Mickey Pimentel

No. 51, 52
- Position: Linebacker

Personal information
- Born: March 29, 1985 (age 41) San Diego, California, U.S.
- Listed height: 6 ft 2 in (1.88 m)
- Listed weight: 238 lb (108 kg)

Career information
- College: California
- NFL draft: 2007: undrafted

Career history
- Carolina Panthers (2007)*; Kansas City Chiefs (2007); Atlanta Falcons (2008)*;
- * Offseason or practice squad member only

= Mickey Pimentel =

American football player (born 1985)

Mickey Pimentel (born March 29, 1985) is an American former football linebacker. He was signed by the Carolina Panthers as an undrafted free agent in 2007. He played college football at California.

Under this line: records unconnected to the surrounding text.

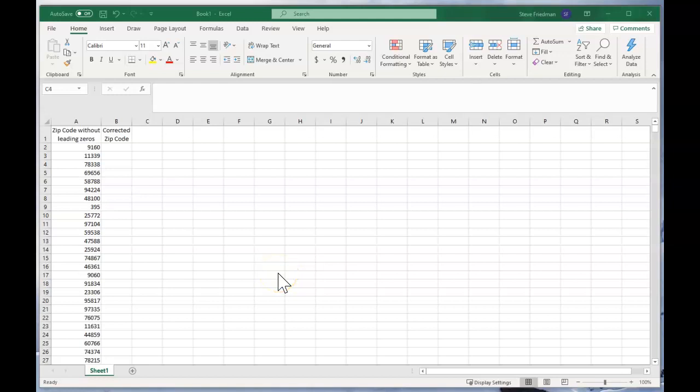Hi, I'm Steve Friedman with Rockstar Excel and today I'm going to show you how to fix zip codes when Excel strips out the leading zeros.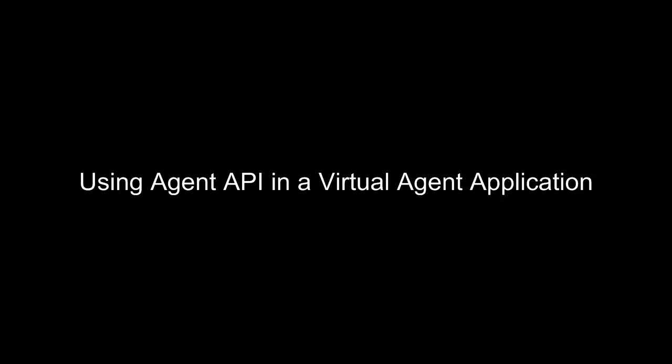In the following video, we will show you how a Virtual Agent application uses the Agent API to communicate with the visitor on the website.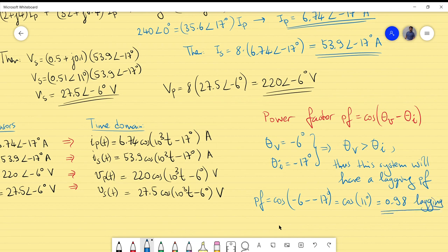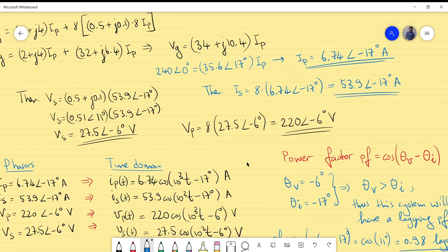This is just extra information so you can see the power factor using the time domain expressions. That concludes example number one. We will continue with other examples at a higher level, looking at issues like designing and determining components. This time we had all components given and determined the currents and voltages.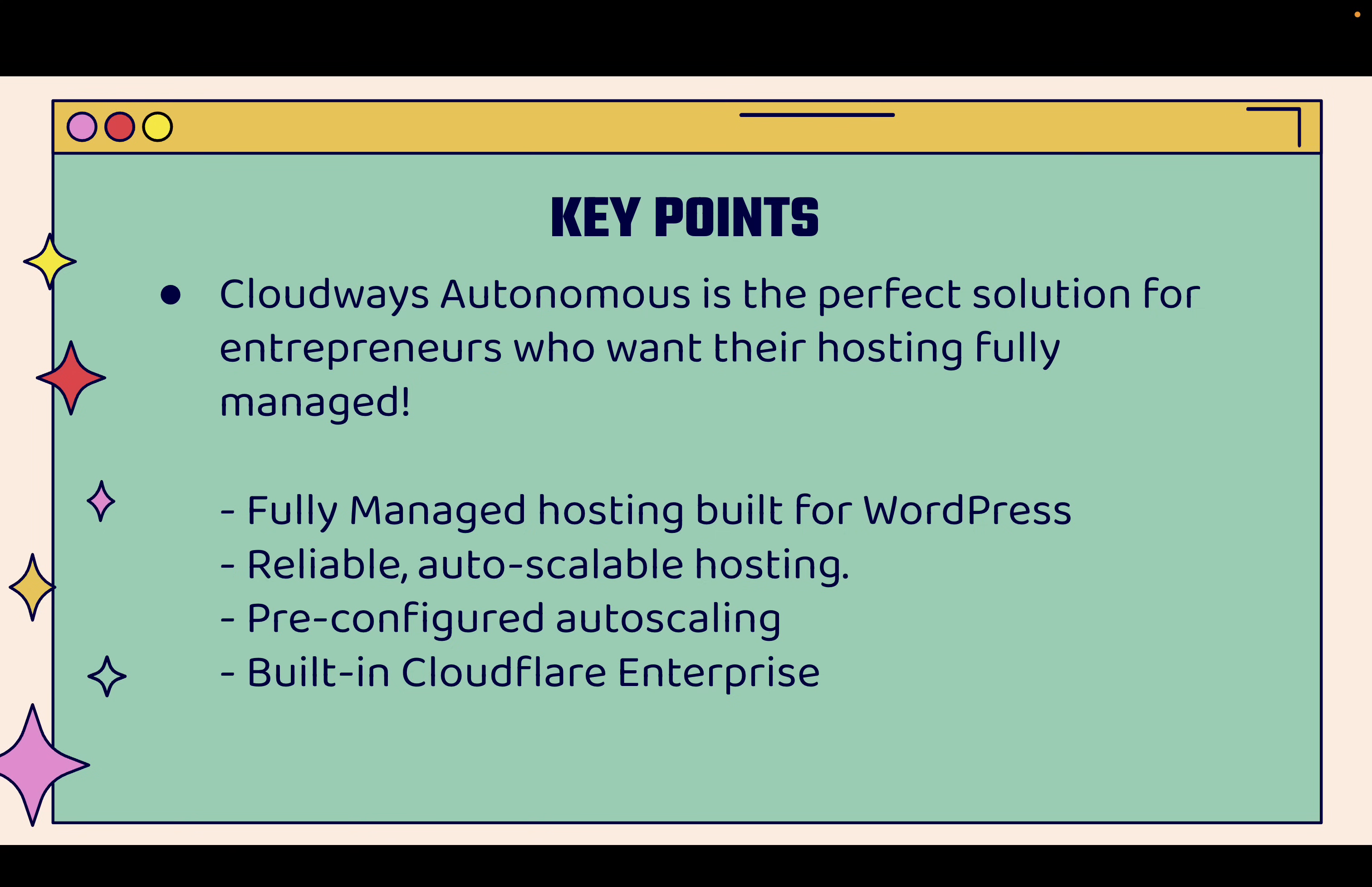It's reliable, it automatically scales, so it grows with you if you get a lot of traffic or if you run a lot of ads. It's going to be able to scale with your needs. And it's all pre-configured, so you don't need to have any technical experience, and also built-in Cloudflare enterprise, so you know it's going to be super reliable.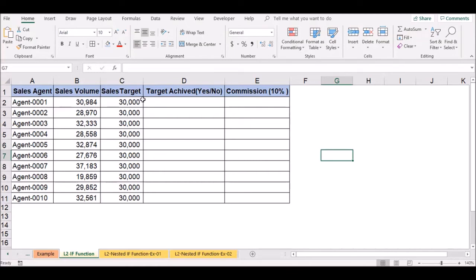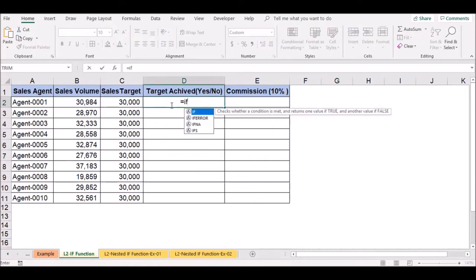We will use the sales target. If you want to check if a condition is met and return one value if true, this is the most basic requirement. We will be able to pass the sales volume. The IF function checks if a condition is met and returns one value if true.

Pimentel was also a member of the Kansas City Chiefs and Atlanta Falcons.

==Early life==
Pimentel attended Marian Catholic High School in San Diego, California and was a student and a letterman in football and basketball. In football, as a senior, he led his team to the League Championship and was named the South Bay League's Defensive Player of the Year. In basketball, as a senior, he was named the South Bay League Player of the Year.

==Professional career==

===Carolina Panthers===
Pimentel signed a free agent contract with the National Football League Carolina Panthers in May, 2007. He was waived on September 1, 2007.

===Kansas City Chiefs===
Pimentel remained unsigned until December 12, when he was signed to the practice squad of the Kansas City Chiefs. He was waived by the team on May 7, 2008.

===Atlanta Falcons===
On August 6, 2008, Pimentel was signed by the Atlanta Falcons a day after linebacker Robert James was waived/injured.